---- Supplied records
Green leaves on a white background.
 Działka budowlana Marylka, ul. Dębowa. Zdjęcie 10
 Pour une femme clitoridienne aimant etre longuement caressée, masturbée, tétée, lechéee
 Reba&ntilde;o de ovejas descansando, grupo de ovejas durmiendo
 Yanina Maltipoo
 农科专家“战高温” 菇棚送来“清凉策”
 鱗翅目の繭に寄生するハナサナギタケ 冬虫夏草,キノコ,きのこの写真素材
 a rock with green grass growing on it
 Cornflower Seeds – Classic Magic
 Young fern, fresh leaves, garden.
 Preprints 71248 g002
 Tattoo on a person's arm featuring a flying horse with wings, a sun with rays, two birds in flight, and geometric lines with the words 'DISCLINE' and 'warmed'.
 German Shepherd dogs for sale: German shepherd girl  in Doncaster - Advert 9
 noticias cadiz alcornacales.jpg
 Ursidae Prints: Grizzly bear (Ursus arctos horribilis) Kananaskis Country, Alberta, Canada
--------
Retype the data shown above so that each line matches the original.

### Exercise result
Green leaves on a white background.
 Działka budowlana Marylka, ul. Dębowa. Zdjęcie 10
 Pour une femme clitoridienne aimant etre longuement caressée, masturbée, tétée, lechéee
 Reba&ntilde;o de ovejas descansando, grupo de ovejas durmiendo
 Yanina Maltipoo
 农科专家“战高温” 菇棚送来“清凉策”
 鱗翅目の繭に寄生するハナサナギタケ 冬虫夏草,キノコ,きのこの写真素材
 a rock with green grass growing on it
 Cornflower Seeds – Classic Magic
 Young fern, fresh leaves, garden.
 Preprints 71248 g002
 Tattoo on a person's arm featuring a flying horse with wings, a sun with rays, two birds in flight, and geometric lines with the words 'DISCLINE' and 'warmed'.
 German Shepherd dogs for sale: German shepherd girl  in Doncaster - Advert 9
 noticias cadiz alcornacales.jpg
 Ursidae Prints: Grizzly bear (Ursus arctos horribilis) Kananaskis Country, Alberta, Canada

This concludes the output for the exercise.